The solution of a stochastic optimal control problem may be associated with that of the Hamilton–Jacobi–Bellman (HJB) equation, which is a second order partial differential equation subject to a terminal condition. When this equation is semilinear and satisfies certain other constraints, it can be solved via a nonlinear version of the Feynman–Kac formula. According to this approach, the solution to the HJB equation can be obtained by simulating an associated pair of partly coupled forward–backward stochastic differential equations. Although an elegant way to interpret and solve a partial differential equation, simulating the system of forward–backward equations can be computationally inefficient.
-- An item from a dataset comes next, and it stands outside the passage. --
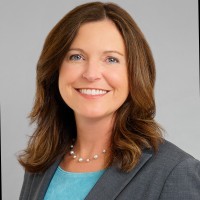 Shelley Belouski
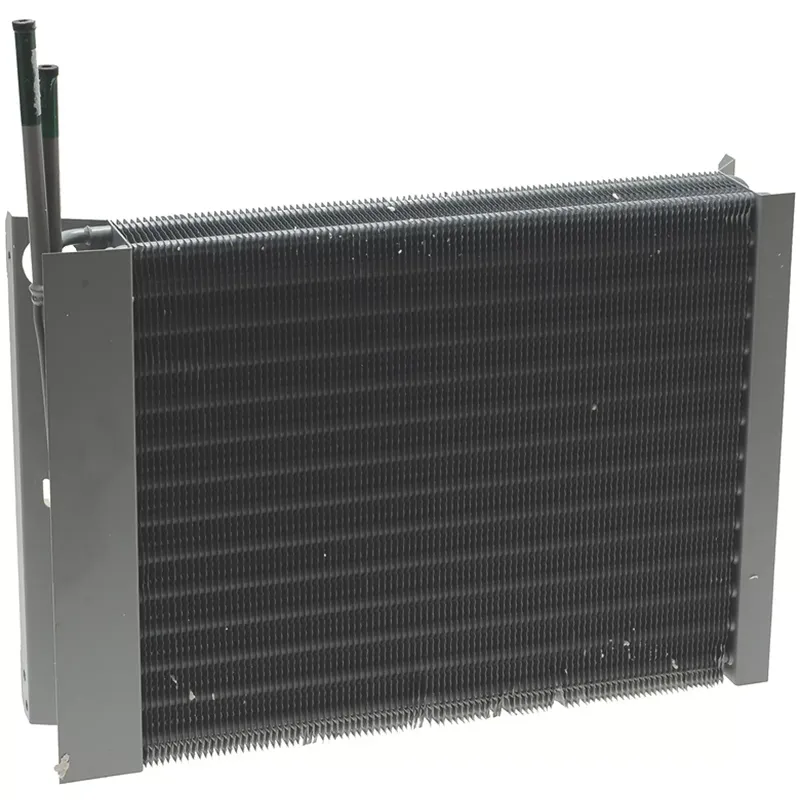 EVAPORADOR ABATIDOR 051 LAINOX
In this work, the HJB equation pertaining to the optimal control problem is reformulated such that instead of the given terminal condition, it is now subject to an appropriate initial condition. In the process, while the total cost associated with the control problem remains unchanged, pathwise solutions may not. Associated with the new partial differential equation, we then derive a set of stochastic differential equations whose solutions move only forward in time. This approach has a significant computational advantage over the original formulation. Moreover, since the forward–backward approach generally requires simulating stochastic differential equations over the current to the terminal time at every step, the integration errors may accumulate and carry forward in estimating the control. This error is particularly high initially since the time of integration is the longest there. The proposed method, numerically implemented for the control of stochastically excited oscillators, is free of such errors and hence more robust. Unsurprisingly, it also exhibits lower sampling variance.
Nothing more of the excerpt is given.